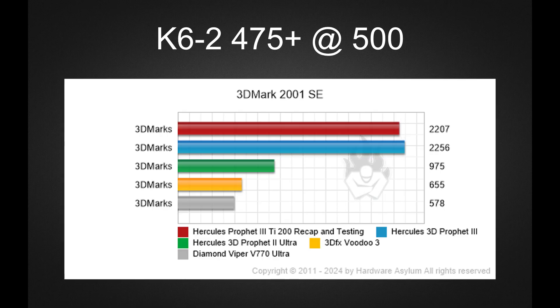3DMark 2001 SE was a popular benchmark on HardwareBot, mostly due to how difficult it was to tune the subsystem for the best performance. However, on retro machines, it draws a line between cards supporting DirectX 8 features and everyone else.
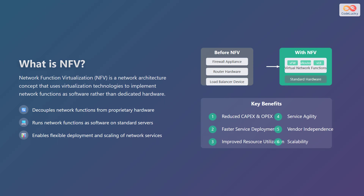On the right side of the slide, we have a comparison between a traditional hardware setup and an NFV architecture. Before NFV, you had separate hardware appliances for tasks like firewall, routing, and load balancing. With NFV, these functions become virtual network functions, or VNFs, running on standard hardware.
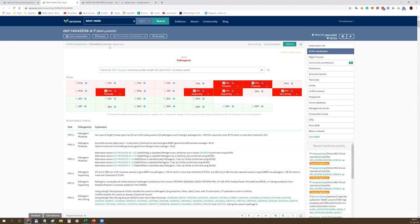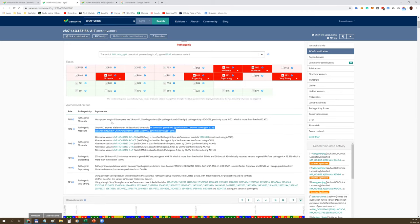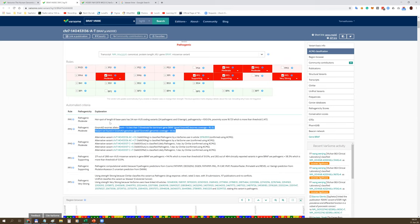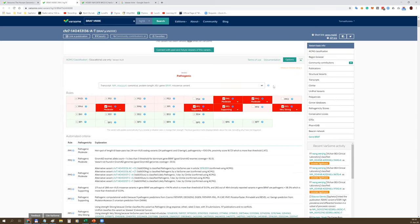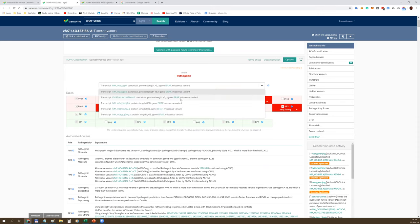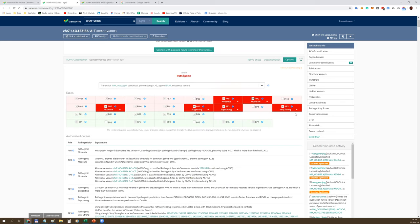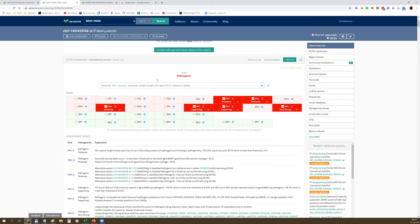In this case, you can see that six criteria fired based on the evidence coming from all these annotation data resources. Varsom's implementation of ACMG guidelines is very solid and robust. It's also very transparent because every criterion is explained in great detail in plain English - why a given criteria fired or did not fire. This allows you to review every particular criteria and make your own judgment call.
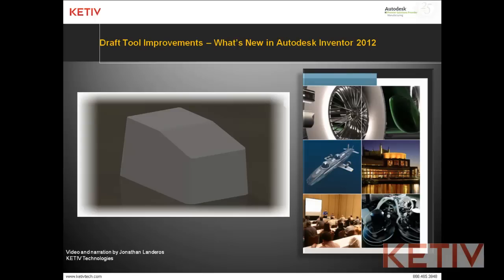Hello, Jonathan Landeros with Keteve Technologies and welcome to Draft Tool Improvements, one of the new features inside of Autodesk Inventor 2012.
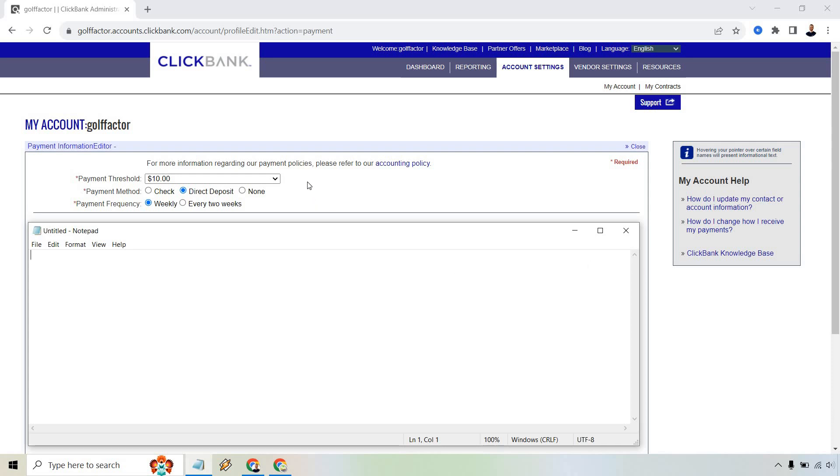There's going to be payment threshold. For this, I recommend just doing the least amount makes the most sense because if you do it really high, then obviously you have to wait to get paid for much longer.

==

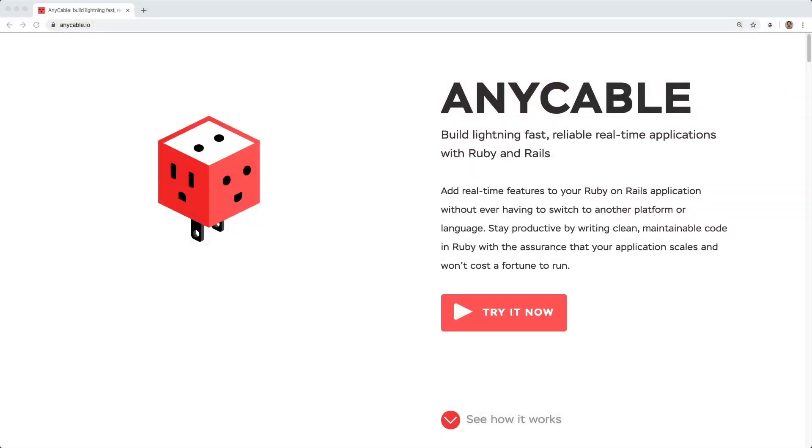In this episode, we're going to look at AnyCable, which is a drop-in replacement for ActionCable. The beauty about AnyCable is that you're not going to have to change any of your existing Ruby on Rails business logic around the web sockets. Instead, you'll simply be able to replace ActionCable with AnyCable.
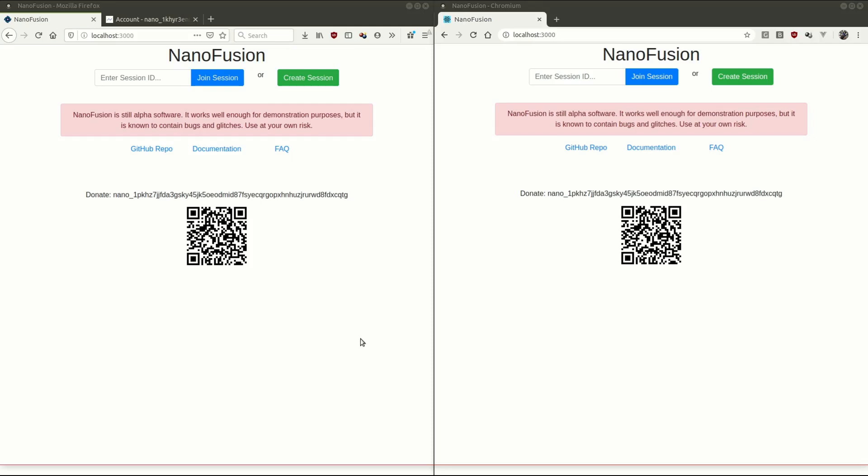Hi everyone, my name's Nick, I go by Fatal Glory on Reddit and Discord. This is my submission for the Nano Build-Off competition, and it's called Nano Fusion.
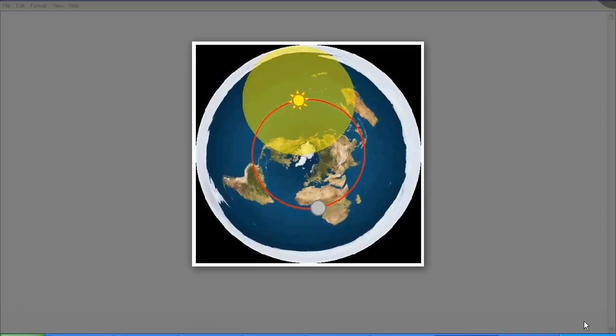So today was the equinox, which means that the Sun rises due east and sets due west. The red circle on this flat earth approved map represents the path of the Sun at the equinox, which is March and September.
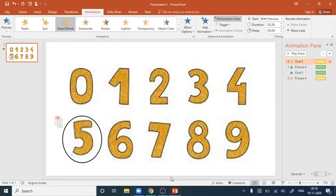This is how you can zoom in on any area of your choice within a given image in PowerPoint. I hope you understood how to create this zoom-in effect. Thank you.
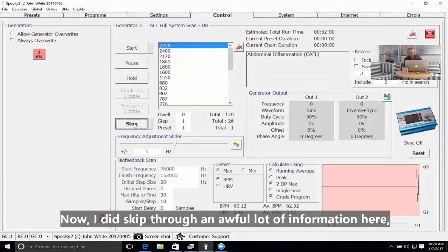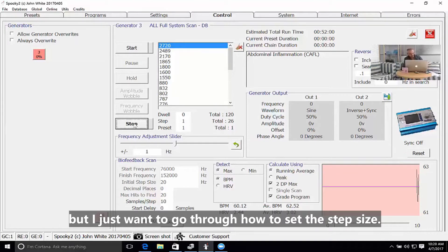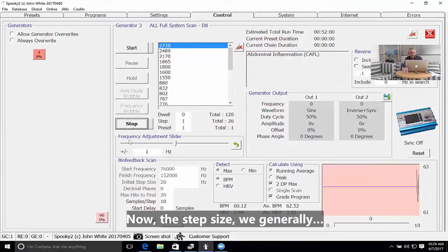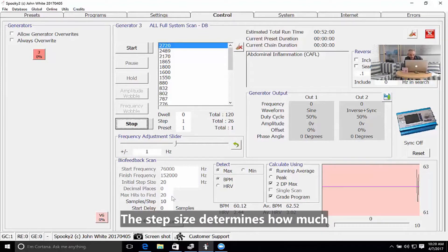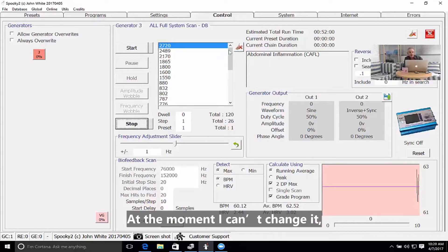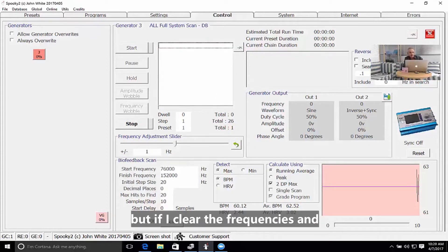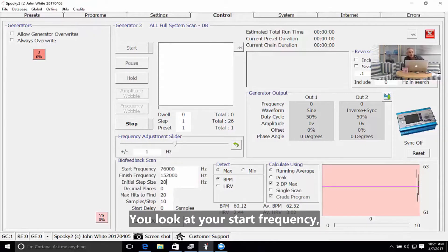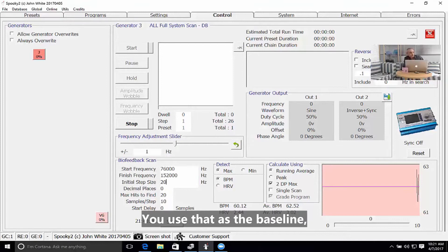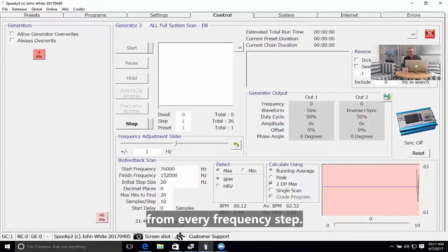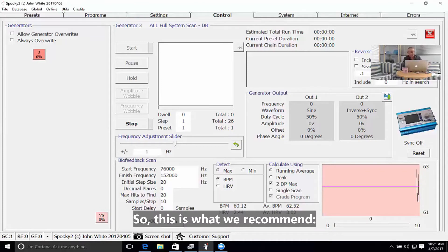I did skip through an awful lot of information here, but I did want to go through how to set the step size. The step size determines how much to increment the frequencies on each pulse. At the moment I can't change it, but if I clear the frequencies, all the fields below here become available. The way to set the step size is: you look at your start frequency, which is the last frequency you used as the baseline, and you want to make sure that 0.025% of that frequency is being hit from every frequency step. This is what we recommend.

_Directions:_ Above are some records. Reproduce the lines from the one with "3DMark 2001 SE" down to the one with "On the right", keeping both, and leave every picture out.

_Task response:_
3DMark 2001 SE was a popular benchmark on HardwareBot, mostly due to how difficult it was to tune the subsystem for the best performance. However, on retro machines, it draws a line between cards supporting DirectX 8 features and everyone else.
On the right side of the slide, we have a comparison between a traditional hardware setup and an NFV architecture. Before NFV, you had separate hardware appliances for tasks like firewall, routing, and load balancing. With NFV, these functions become virtual network functions, or VNFs, running on standard hardware.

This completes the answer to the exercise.